Rebeldía Rebeldía (Sacrilege), de Diana Shaffer. Adaptación de Juan José Arteche. Intérpretes, Concha Cuetos, David Zarzo, Francisco Lahoz, Carmen Rossi, Rafael Guerrero, Francisco Piquer, Elvira Travesí, Gregorio Alonso. Teatro Fígaro. Madrid, 16 de septiembre de 1996.

Esta es la historia de una monja que quiso ser cura: parece frecuente en los últimos tiempos feministas (que yo sepa no se ha dado el caso contrario, el de un sacerdote que desee ser monja). El asunto no es sólo religioso: es una monja de izquierdas -Vietnam,- y todo eso- y se supone que en ese planteamiento va incluida la ordenación: hay, sin duda, distintas clases de ízquierda.

Esta obra se llama en su idioma original Sacrilegio: quizá la prudencia natural, y menos en tiempos donde la fe mueve ministerios, ha aconsejado cambiar el título. Y algunas cosas más, muchas de ellas sin razón: como llamar Embajada del Vaticano a la Nunciatura, pero eso puede ser más bien ignorancia del traductor, Juan José de Arteche. Hay errores de teología -pienso- como de liturgia: me los ha confirmado ese ilustre personaje que ejerce la crítica y trabaja en los meandros de la fe, mi querido Alberto de la Hera.

Hay que recordar que la autora, Diana Shaffer, ha sido antes chica de conjunto con el circo Ringling, cantante de calle con la Steinettes: y de club, y de radio. Nada de esto, pienso, la impediría conocer bien los ritos. Podría ser lo de menos, para almas liberadas, si fuera buen teatro. No es el caso. Sacrilegio se estrenó en Nueva York el 2 de noviembre de 1995; el día 19 ya salió de cartel. No iba nadie. Espero que aquí no tenga este mal final.

Viéndola, yo añoraba a Pemán, a Marquina, a Ardavín: a algún Calvo Sotelo, como el del obispo Carranza. No, claro, a El divino impaciente, que fue una exaltación a la guerra civil, sino de las obras de cuando Pemán comprendió toda la enormídad de lo que habían hecho los suyos. Eran autores reconciliadores, sencillos, modestos. No convirtieron a nadie, eso es verdad. Pero sabían su teatro.
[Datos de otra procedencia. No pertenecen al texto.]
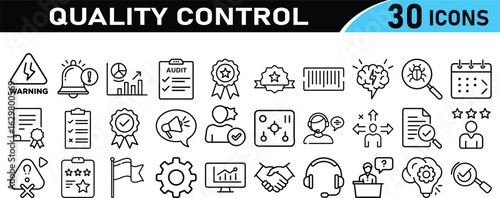 Quality control icons collection. Containing evaluation, quality check, defect, assurance, process, inspection, product, testing and more. Editable vector illustration.
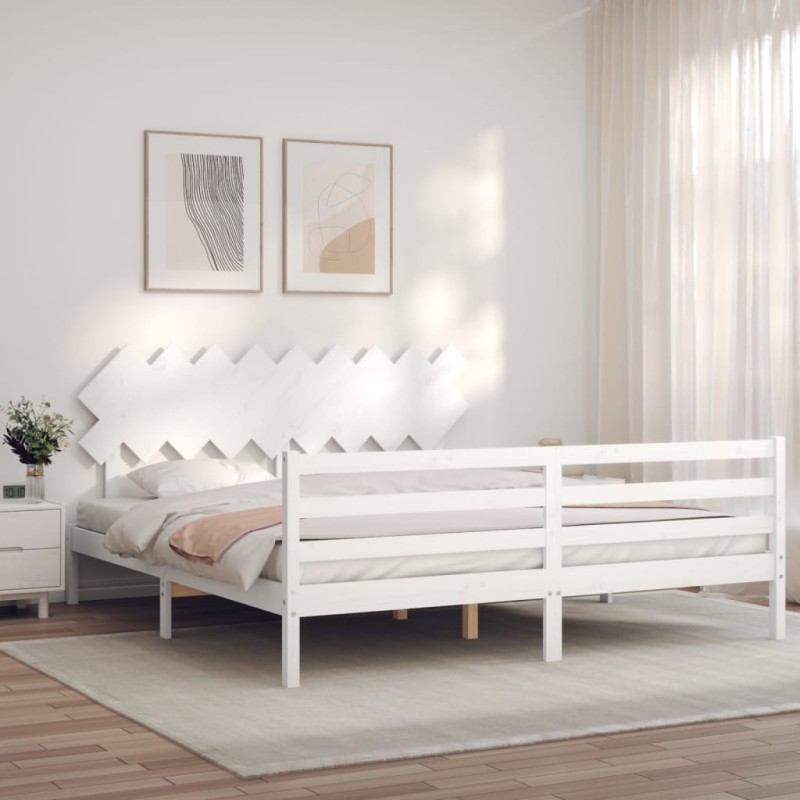 vidaXL Estructura cama de matrimonio con cabecero madera maciza blanco vidaXL Estructura cama de matrimonio con cabecero madera maciza blanco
Bien, esta monja quiere ser cura, y resulta un poco histérica, un poco obsesiva. Se enfrenta con el Vaticano, con sus hermanas: con los espectadores. Más que rebelde, es tozuda. Todo esto se plantea en largas conversaciones, en largas discusiones.
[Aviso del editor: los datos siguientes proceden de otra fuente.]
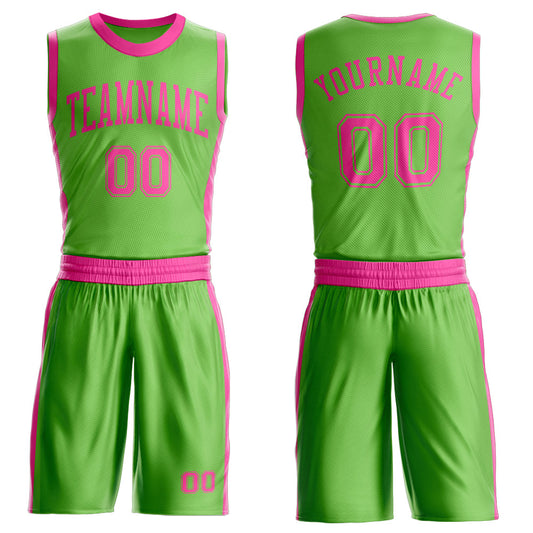Custom Neon Green Pink Round Neck Basketball Uniform Jersey - Main View
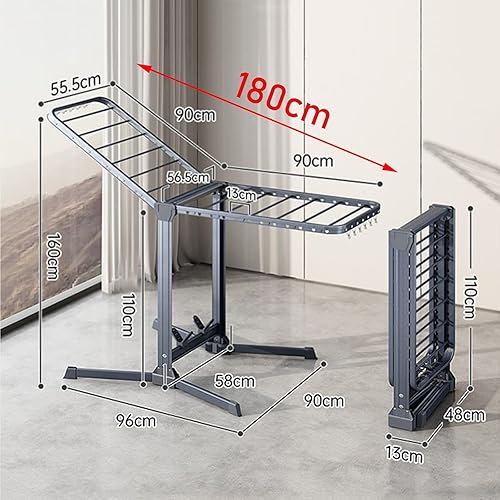 Miniatura 8 de Estante de secado de aleación de aluminio, estantes de secado de ropa al aire libre, soporte de metal plegable para secar ropa, toallas, calcetines,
Su planteamiento y su desenlace es el mismo: ella quiere y quiere ser cura; y la escena que debía ser culminante es cuando confiesa y bautiza a un joven en trance de muerte. Sería más teatral si no supiéramos todos que las "aguas de socorro" las puede administrar cualquiera, hombre o mujer, bautizado o no, y que no hay sacrilegio, sino buena acción.

Lo que queda ahora de trascendental en esta obra es que la interpreta Concha Cuetos. La farmacéutica de guardia es ahora la monja que quiere ser cura. Las figuras de la televisión quieren de cuando en cuando darse un baño de teatro para reafirmar y confirmar que su condición verdadera es ésa: como lo ha intentado la gentil María Barranco.

Concha Cuetos ha elegido una obra que es, incluso, peor que la serie que la lanzó a esta última popularidad. Cualquiera de sus dos compañeras de reparto, Elvira Travesí o Carmen Rossi, hubieran dado más fuerza al papel. Pero el público estuvo conforme con todos y con el director (que declinó, sin embargo, salir a saludar).